Читаем Проза полностью

Многие оказались там. Уехали такие люди, как Пятигорский, Роман Тименчик – единственный человек, который знал все о начале века, он сейчас в Израиле; Лазарь Флейшман – тоже один из крупнейших специалистов в этой области. Я уж не говорю о том, что все это люди, связанные с Синявским, который таким же образом переехал на Запад. Я уж не говорю о круге Бродского, который почти весь перекочевал туда. Но меня интересуют не столько высшие представители, сколько те, кто является носителем культуры, кто составляет культурную среду, то есть некий эпителиальный слой. А те, кто остался (а остались достаточно крупные, серьезные люди, скажем, Гаспаров, Аверинцев, Мелетинский, Вячеслав Всеволодович Иванов), либо работают на Западе, либо не имеют школы – вот что существенно. Это такие одинокие зубы, торчащие в обеззубевшем рту. Культура – это не отдельные представители, это умонастроение общества. Культура – это не Толстой, а какой-нибудь сельский толстовец. Этот слой весь отхлынул, русский он, еврейский – неважно. Это были люди, ориентированные на мировой смысл русской культуры.


Я предлагаю поговорить о вашем творчестве. Кем вы себя считаете в первую очередь – поэтом или прозаиком?


И не тем, и не другим, если иметь в виду современное значение этих слов. Но все-таки больше поэтом в том смысле, какой вкладывали в это понятие еще греки. Поэт – это человек, который делает, совершает нечто существенное, существующее. Мне совершенно неважно, что я пишу: стихи или статью, делаю какой-нибудь журнальный обзор или урок веду. На все это уходит одна и та же энергия. Ты принимаешь правила, по которым идет игра, а затем обнаруживаешь возможность для изменения этих правил. В этом смысле для меня поэзия наиболее чистая возможность менять формы лирически-игрового состояния жизни. В то же время я думаю, что в поэзии привлекательнее вещи, когда сам поэт не до конца понимает, что он делает. Что-то на грани сна, бессмысленные, бессознательные ситуации, которые я фиксирую в стихах. Я в детстве не знал поэзии и очень поздно с нею познакомился, но у меня всегда было состояние какой-то грусти, тоски и неизбежности – иными словами, состояние поэтическое. Это состояние, которое схватывает не то, что сейчас происходит, а вещи в их возможном конечном варианте, возможной конечной судьбе. Каждая вещь переживает процесс разрушения, разрушается, а потом возвращается туда же, где она стоит сейчас. Это ощущение соприсутствия будущего и прошлого.

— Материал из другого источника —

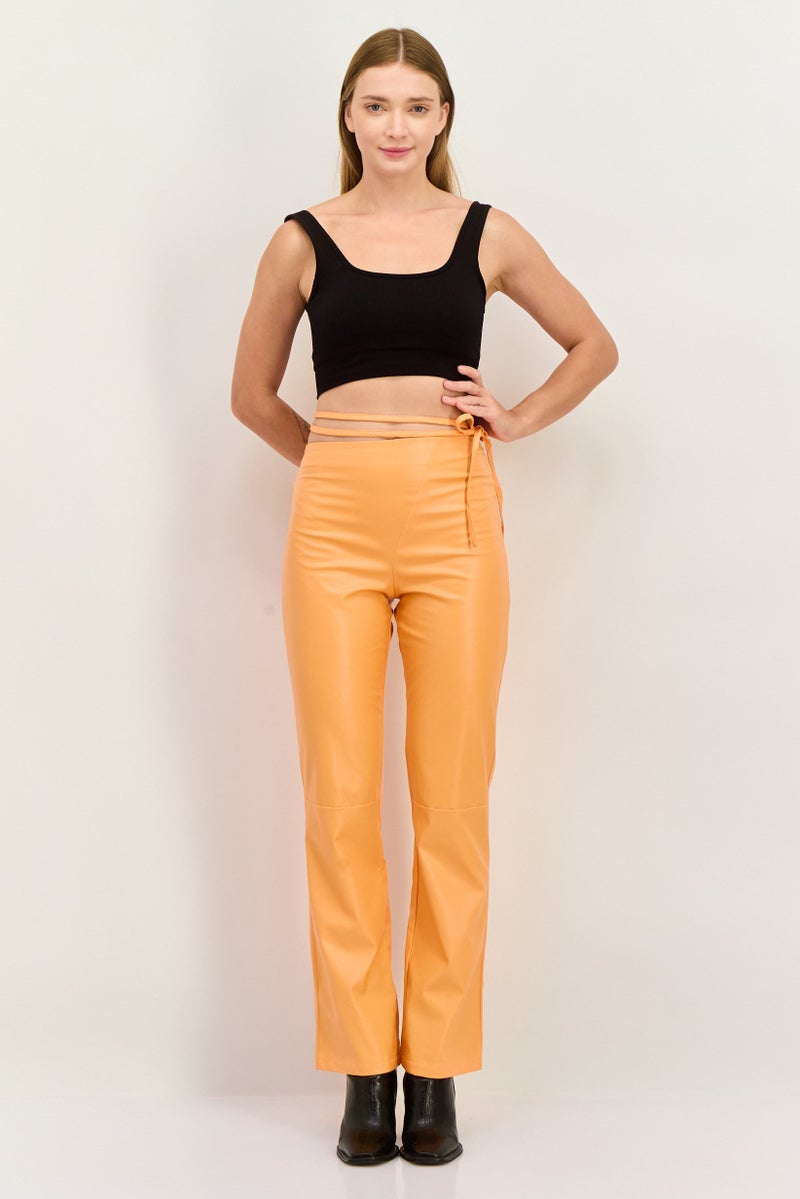 MISSY EMPIRE Women Regular Fit Solid Straight Leg Pants, Orange - Image 4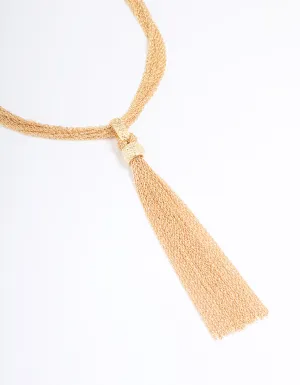 Gold Textured Rope Y-Necklace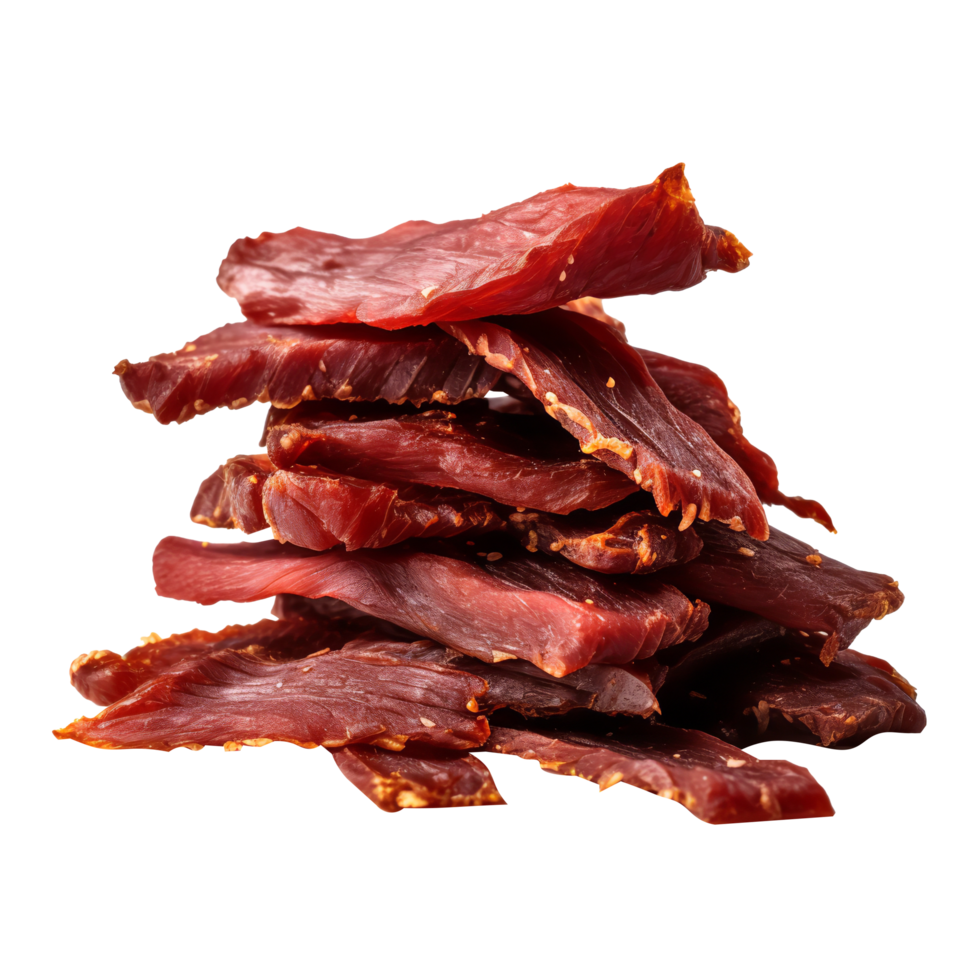 AI generated Fresh and delicious Beef Jerky isolated on transparent background png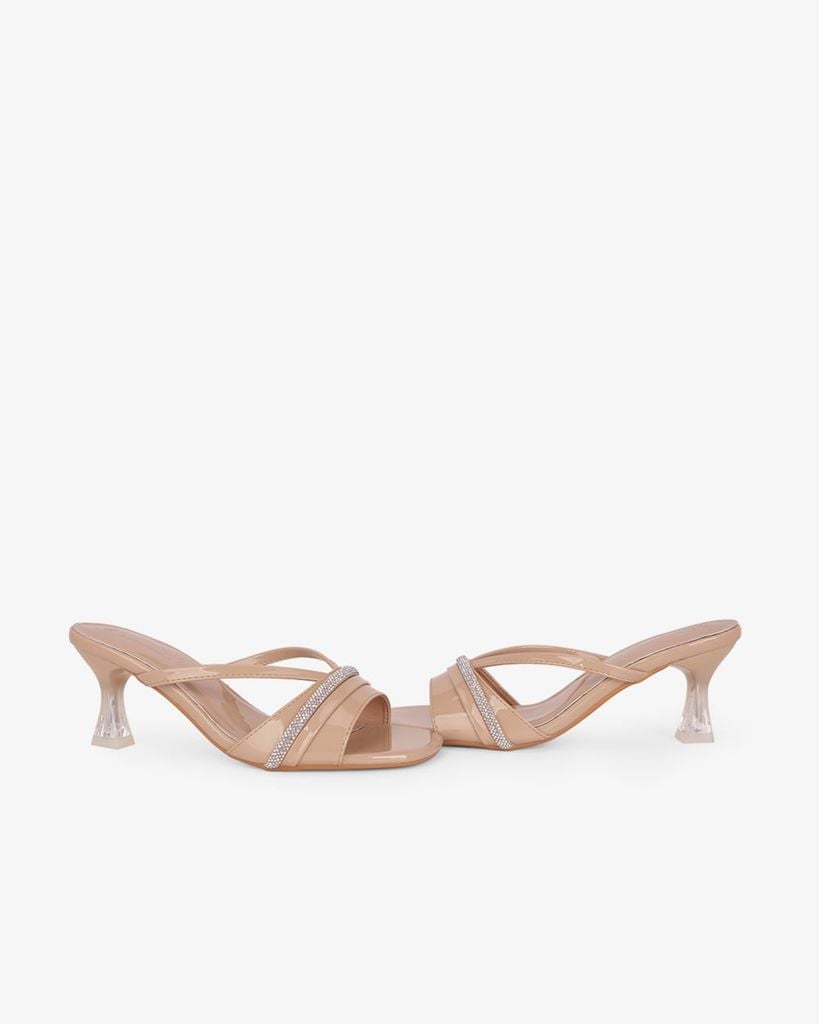 Dép Cao Gót Hạnh Dung Quai Ngang Lấp Lánh HD041111AD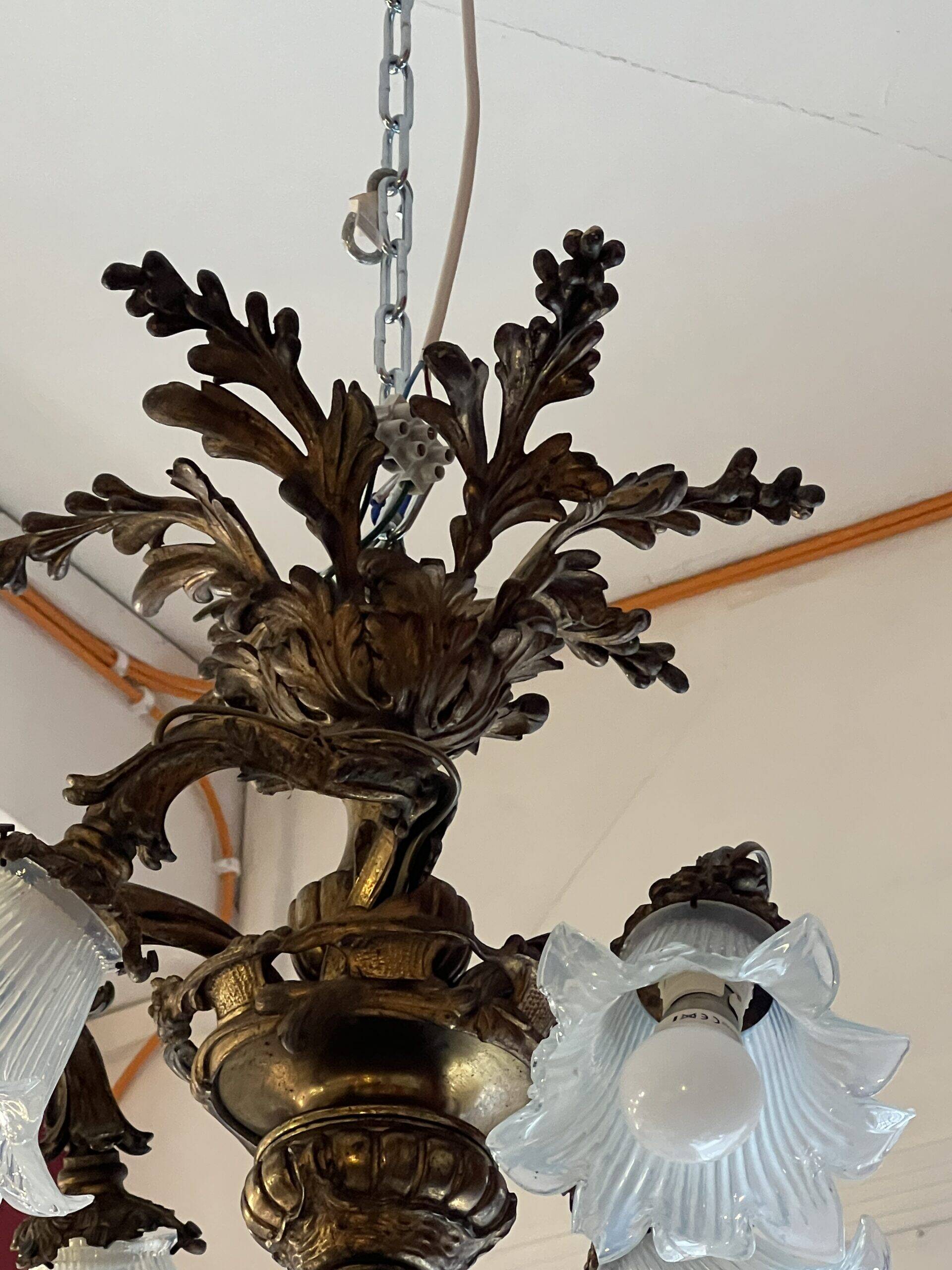 Solid bronze chandelier with moving arms, 19th century, opalescent tulips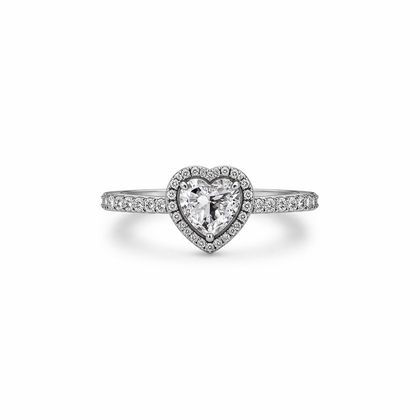 Heart Cut CZ Diamond Ring on Hand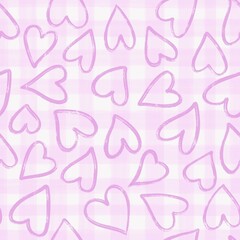seamless pattern with pink hearts Valentine’s Day 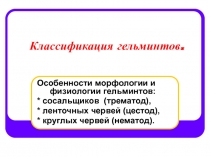 Классификация гельминтов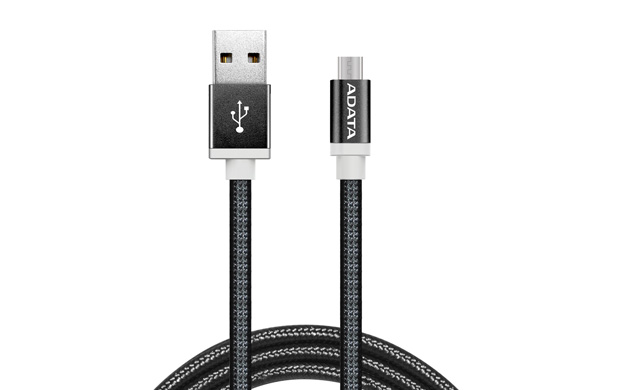 ADATA MicroUSB CABLE ALUMINIUM/KNIT BLACK - AMUCAL-100CMK-CBK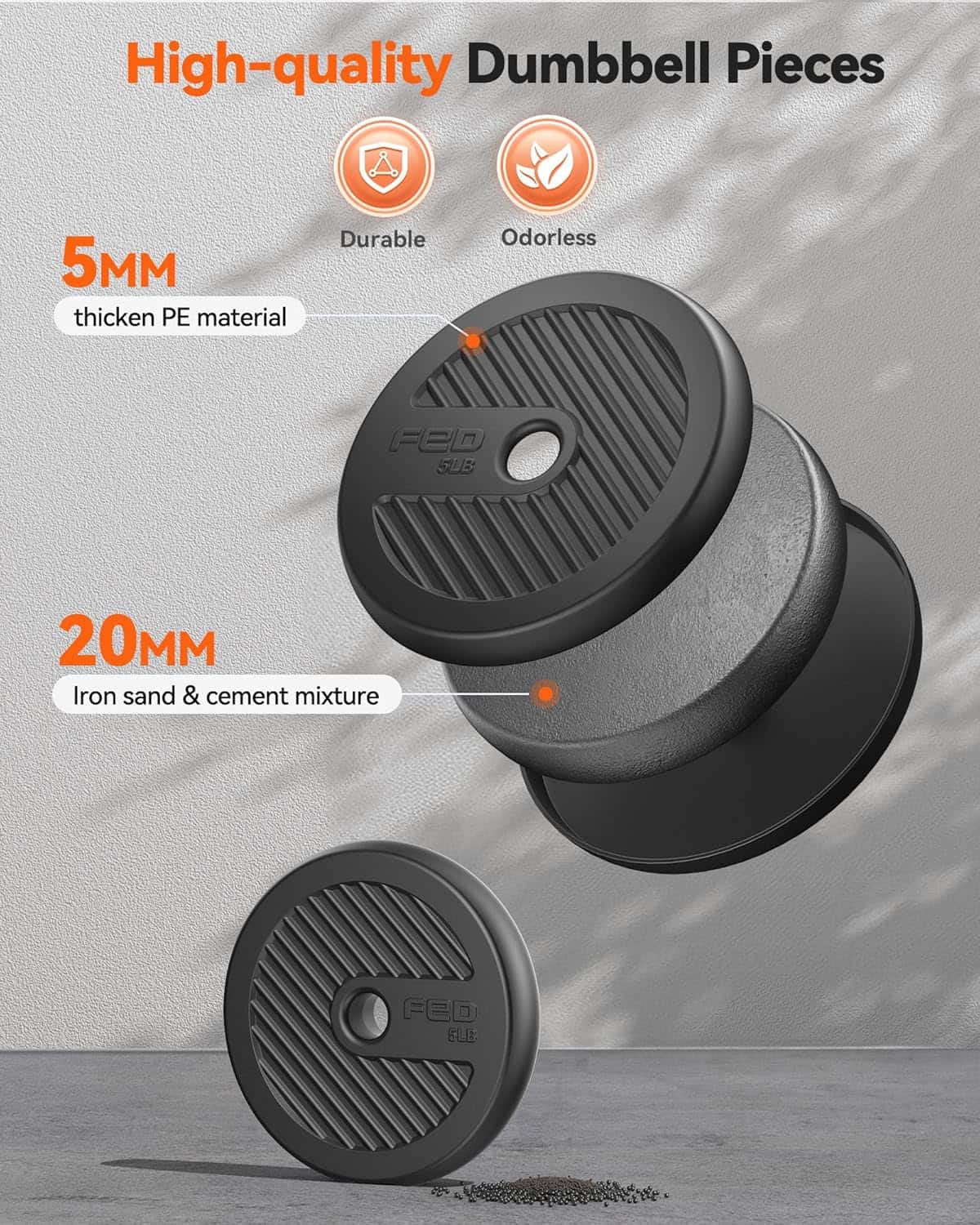 FEIERDUN 4-in-1 Adjustable Dumbbell Set – Converts to Barbell, Kettlebell & Push-Up Stand (20–90 lbs) FitCore Supply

Это странное ощущение, у меня оно впервые возникло именно в Ленинграде. Чисто петербургское ощущение – чувство, что эти улицы, комнаты надышаны, нахожены, что здесь действует давление тех жизней, которые прожиты. Надо сказать, что в Москве этого не ощущается. Та м как бы все заново начинается, с нуля. Это безумие, кошмар московской культуры: идея, что можно начать все заново и пошло-поехало, а с другой стороны, колоссальный консерватизм, граничащий с автоматизмом; все заново каждый раз, и начинается именно так, как в прошлый, позапрошлый раз, по тем же законам, по тому же витку. А здесь нет, здесь жизни как бы присутствуют и в то же время их нет. И это ощущается в архитектуре, в устройстве города, в системе человеческих отношений. Стихи возникали как обозначение этого состояния. Сначала я не мог, не умел найти нужные слова – не то чтобы город населен тенями, но я прекрасно понимал уже тогда, что те слова, к которым я привык, были сказаны и ценность их в том, что они когда-то и кем-то были сказаны.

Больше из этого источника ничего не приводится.